(Excerpted records begins)
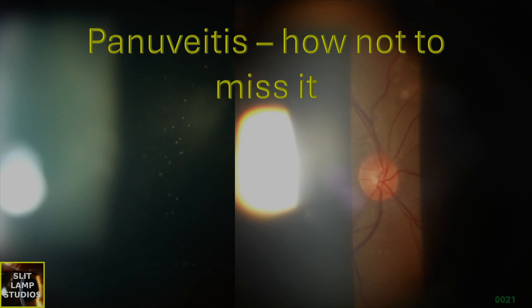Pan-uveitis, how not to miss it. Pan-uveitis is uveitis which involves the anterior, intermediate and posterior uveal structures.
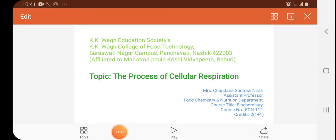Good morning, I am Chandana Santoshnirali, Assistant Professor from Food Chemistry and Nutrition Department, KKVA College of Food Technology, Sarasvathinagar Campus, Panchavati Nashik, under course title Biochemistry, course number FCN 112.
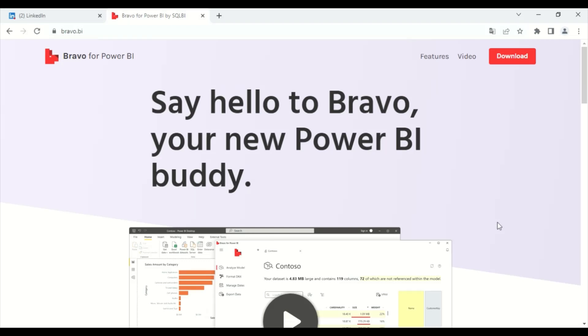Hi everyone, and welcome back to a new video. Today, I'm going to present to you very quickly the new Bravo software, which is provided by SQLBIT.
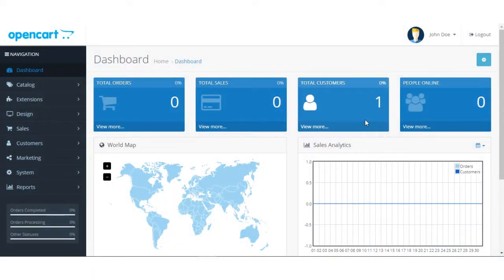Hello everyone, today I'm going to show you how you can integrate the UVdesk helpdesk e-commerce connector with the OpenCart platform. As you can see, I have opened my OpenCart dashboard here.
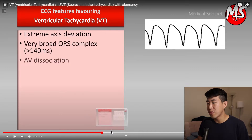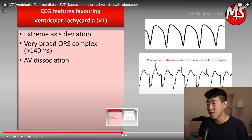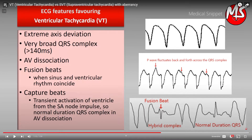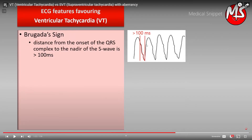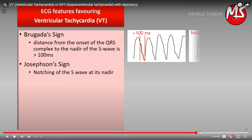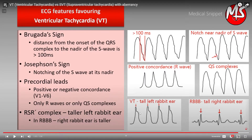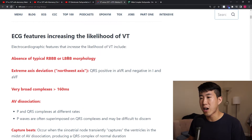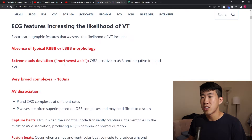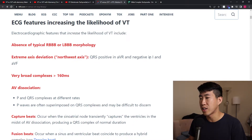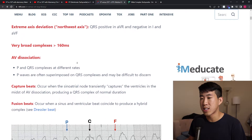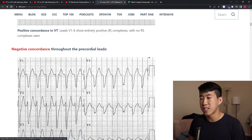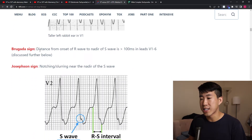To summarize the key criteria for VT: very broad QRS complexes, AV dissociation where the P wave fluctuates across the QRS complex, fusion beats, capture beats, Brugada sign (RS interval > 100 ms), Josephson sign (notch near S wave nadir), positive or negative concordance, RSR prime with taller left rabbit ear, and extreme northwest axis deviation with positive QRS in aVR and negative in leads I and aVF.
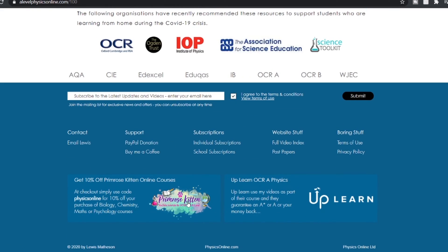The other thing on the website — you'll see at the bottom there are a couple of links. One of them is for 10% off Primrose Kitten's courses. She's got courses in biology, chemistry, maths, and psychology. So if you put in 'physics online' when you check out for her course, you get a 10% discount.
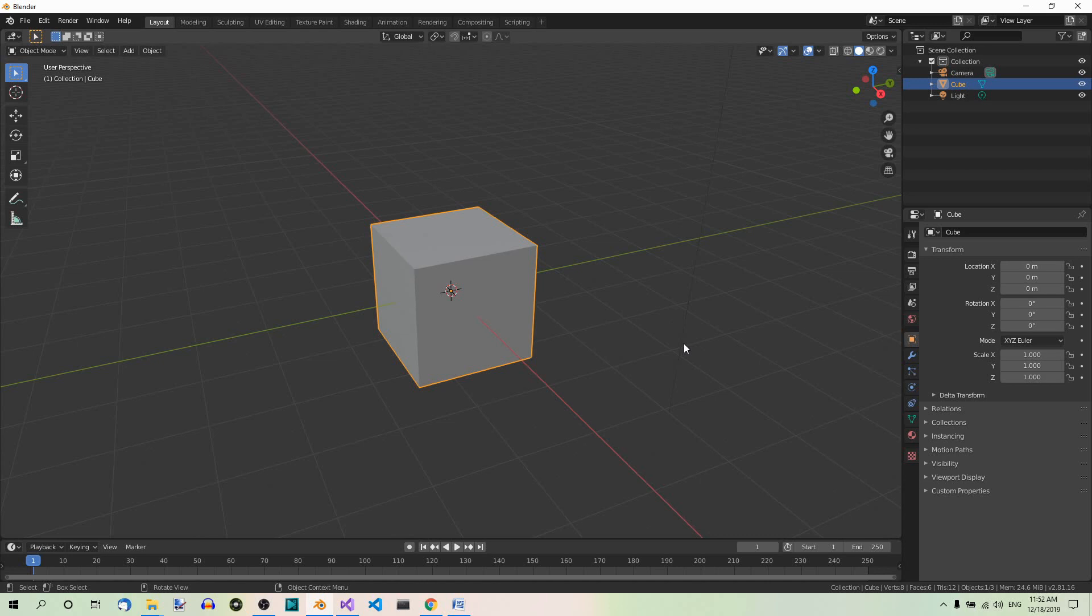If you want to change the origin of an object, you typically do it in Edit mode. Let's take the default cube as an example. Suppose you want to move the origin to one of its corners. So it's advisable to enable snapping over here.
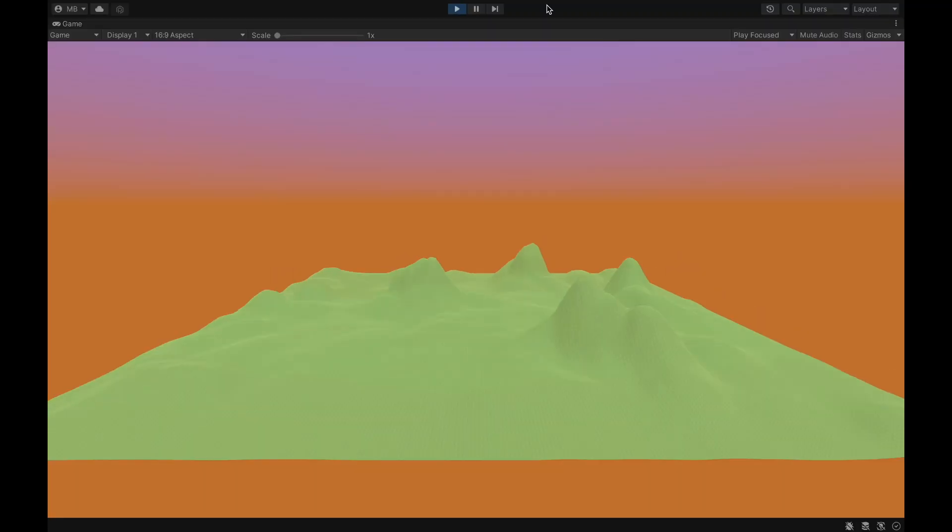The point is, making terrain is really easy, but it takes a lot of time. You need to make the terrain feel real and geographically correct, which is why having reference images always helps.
(Excerpted records ends)
-- Exercise --
The answer should consist only of the lines from the one with "If you want" through the last line of the material above, copied exactly, with no pictures.

-- Finished task --
If you want to change the origin of an object, you typically do it in Edit mode. Let's take the default cube as an example. Suppose you want to move the origin to one of its corners. So it's advisable to enable snapping over here.
The point is, making terrain is really easy, but it takes a lot of time. You need to make the terrain feel real and geographically correct, which is why having reference images always helps.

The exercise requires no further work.